— TASK STATEMENT —
From the line containing "入場料無料の横須賀市ソレイユの丘の春 入場料無料の横須賀市ソレイユの丘の春 125778923" to the last line of the listing, both included, copy every line exactly and drop the pictures.

— INFORMATION SHOWN —
______________________________

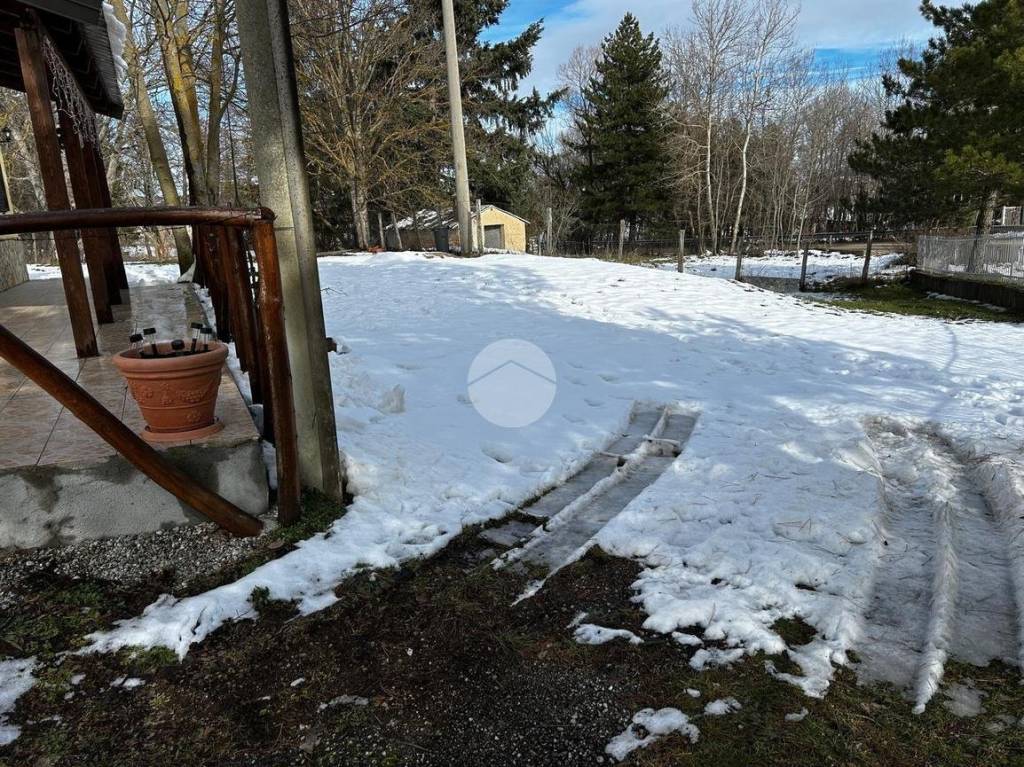 immagine annuncio 11 di 14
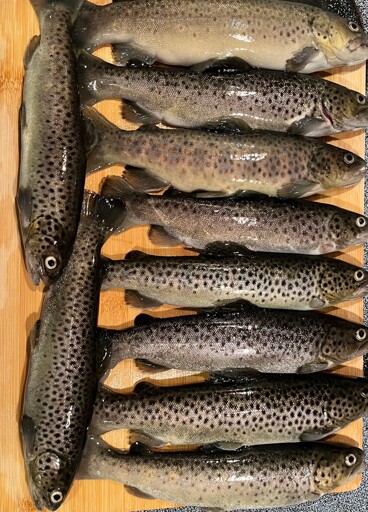 Trout on cutting board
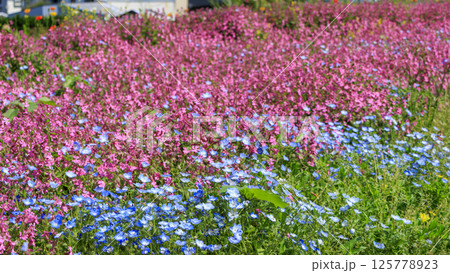 入場料無料の横須賀市ソレイユの丘の春 入場料無料の横須賀市ソレイユの丘の春 125778923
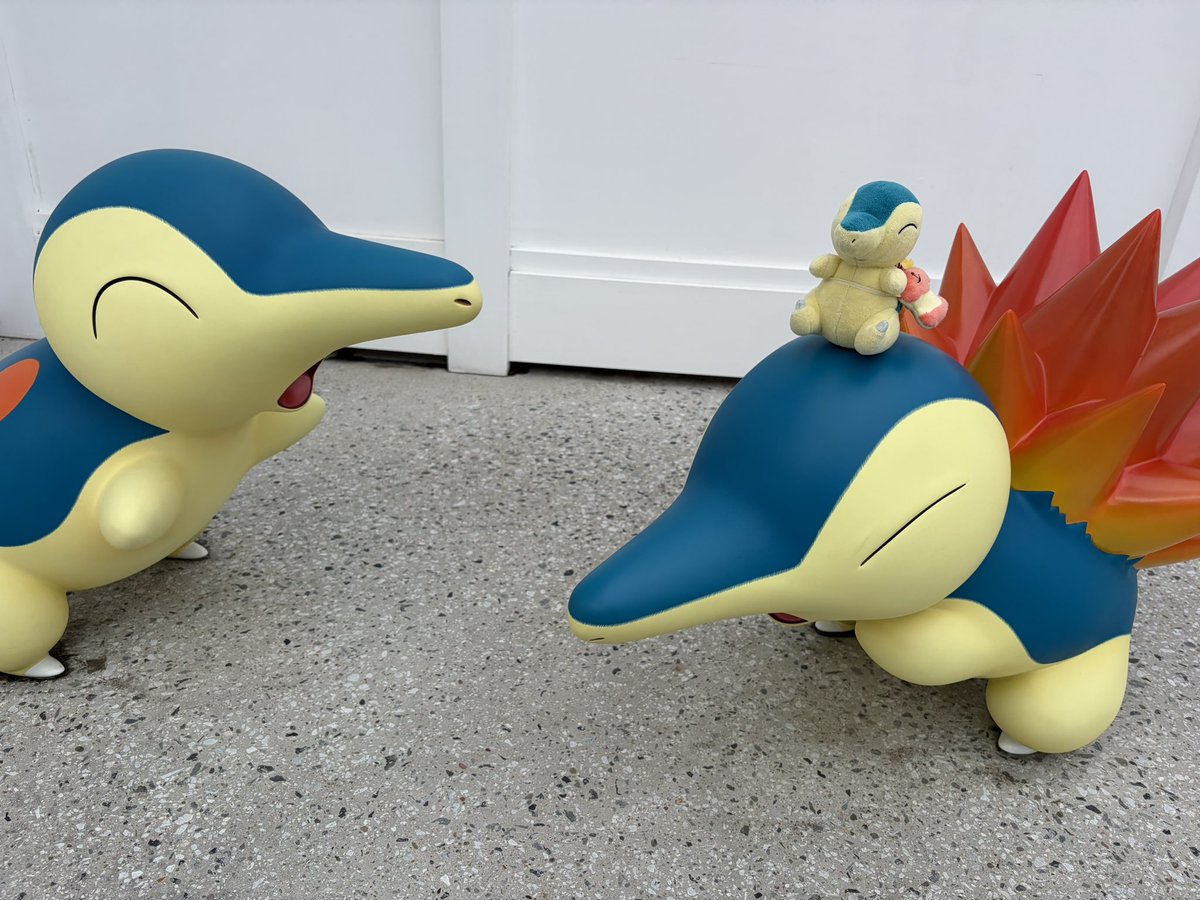 色違いのびっび✨ tweet media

______________________________

— ANSWER TO THE PROBLEM —
 入場料無料の横須賀市ソレイユの丘の春 入場料無料の横須賀市ソレイユの丘の春 125778923
 色違いのびっび✨ tweet media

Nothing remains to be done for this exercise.